■ **TASK REQUIREMENTS**
Starting at the line below with "Bell - 1 Light" and stopping at the line with "Muscle Mat Tanning Tee - Oversized", please print each line exactly, those two included, and skip every picture.

** Opening RECORDS block **

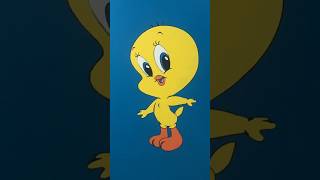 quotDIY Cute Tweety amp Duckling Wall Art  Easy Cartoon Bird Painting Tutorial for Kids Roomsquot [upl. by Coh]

** Closing RECORDS block **
** Opening RECORDS block **

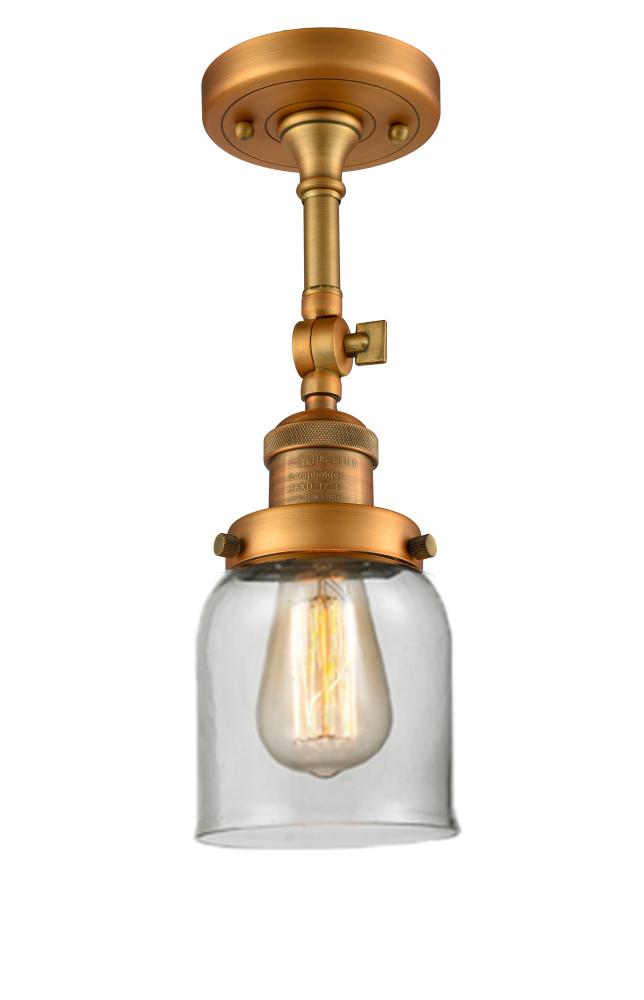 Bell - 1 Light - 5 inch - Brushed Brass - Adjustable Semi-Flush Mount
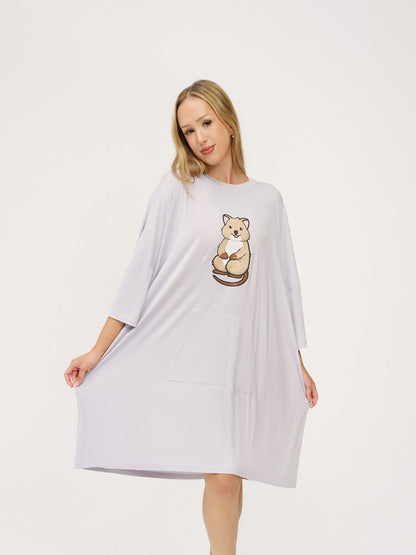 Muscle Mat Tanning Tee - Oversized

** Closing RECORDS block **

■ **SOLUTION**
 Bell - 1 Light - 5 inch - Brushed Brass - Adjustable Semi-Flush Mount
 Muscle Mat Tanning Tee - Oversized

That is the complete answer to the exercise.